Their comments were made after Japan's ruling coalition led by Abe rammed through a series of the security bills in the all- powerful lower house on Thursday.
The bills will give the Japan's Self-Defense Forces (SDF) greater role worldwide. Under the legislation, the SDF could be dispatched overseas to engage in armed conflicts and help defend its friends and allies even if Japan itself is not attacked, or to exercise the right to collective self-defense.
Joseph Matthews, director of International Cooperation Department at the Phnom Penh-based Asia Euro University, said the consequences of the passage of this legislation will be far- reaching and dangerous.
"The enactment of these bills will trigger insecurity, fear and distrust among all Asian countries, especially in the ASEAN ( Association of Southeast Asian Nations) bloc," Matthews told Xinhua.
"This action will also lead to an arms race among immediate neighbors of Japan such as the Republic of Korea and the Democratic People's Republic of Korea (DPRK). All the efforts to contain the DPRK Nuclear Program will go down the drain because of Japan's latest move," he said.
"The ramification of this enactment will be widespread, from economic to political and from diplomatic to strategic," he added.
Matthews said that Abe's security bills are an open violation of Article 9 of the country's post World War II constitution, which barred Japan from becoming a military power but only to pursue rearmament of Japanese forces for self-defense purposes.
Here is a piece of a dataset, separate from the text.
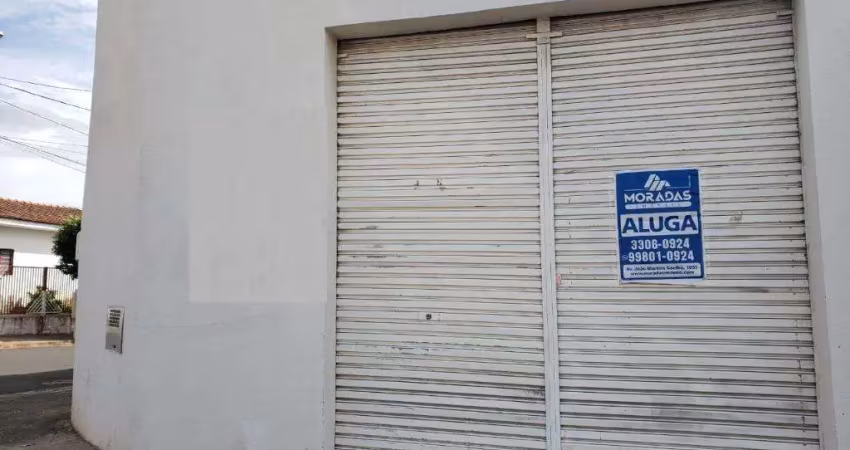 Salão para aluguel, jardim santa antonieta - marília/sp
He said the bills were made to suit the inspiration to Japanese nationalists who are not willing to accept the rise of China as an economic power in the world.
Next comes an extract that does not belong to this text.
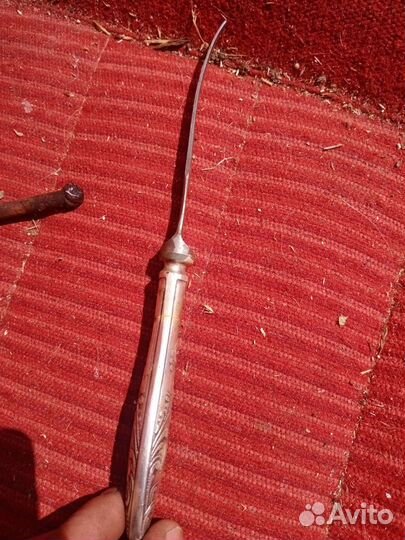 Штучка дрючка СССР возможно нож для конвертов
"These nationalist elements in Japan depict China's economic success as a major threat to Japanese society, which is absolutely wrong and fabricated by these war-mongers," he said.
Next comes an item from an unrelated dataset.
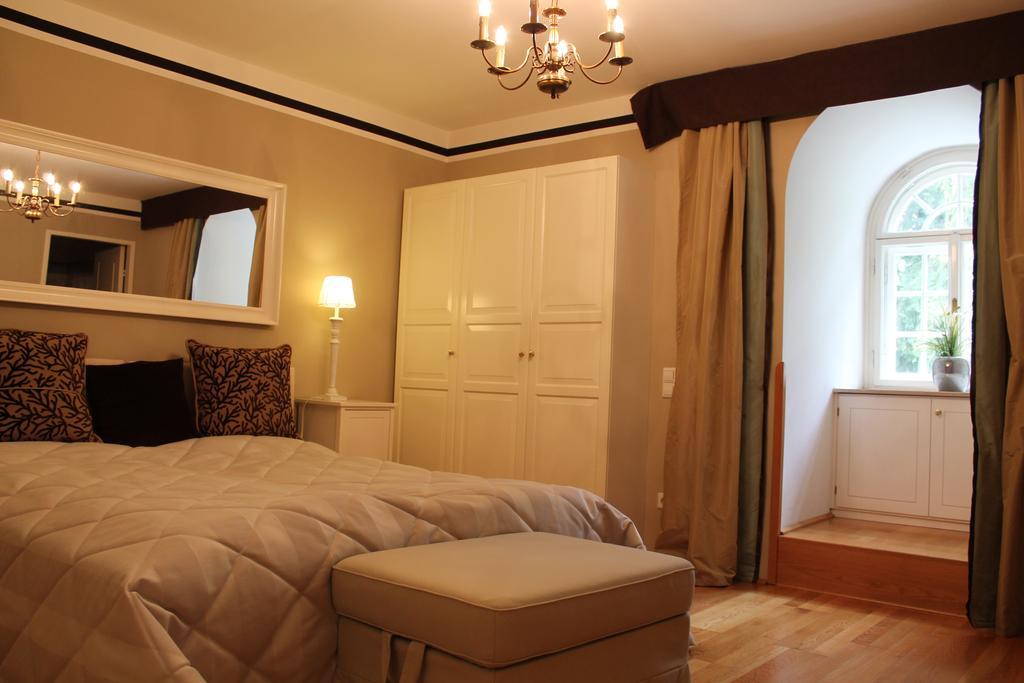 Villa Trapp Salzburgo Habitación foto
Chheang Vannarith, co-founder and chairman of the Cambodian Institute for Strategic Studies, said Japan is investing more in the security and defense sector to counterweight the rise of China.
"Japan's revised security policy primarily aims to put China in check, but it may lead to deepen strategic mistrust between Japan and China and other Asian neighbors which still remember the past atrocities committed by Japan during World War II," he said.
"ASEAN in general welcomes Japan's active security role but Japan should concentrate on human security," Vannarith said.
Pou Sothirak, executive director of the Cambodian Institute for Peace and Cooperation, said Abe's new security bills were made against the backdrop of Japan's concerns about the China's rise, its impact on stability in Southeast and East Asia, and the need for protecting Japan's national interests.
"Although Japan still rely largely on U.S.-Japan alliance for the sake of keeping this region stable, it has come to the realization that it has to count on itself more independently when it comes to defend Japanese fundamental national interests including its territorial dispute with China in the East China Sea, " Sothirak said.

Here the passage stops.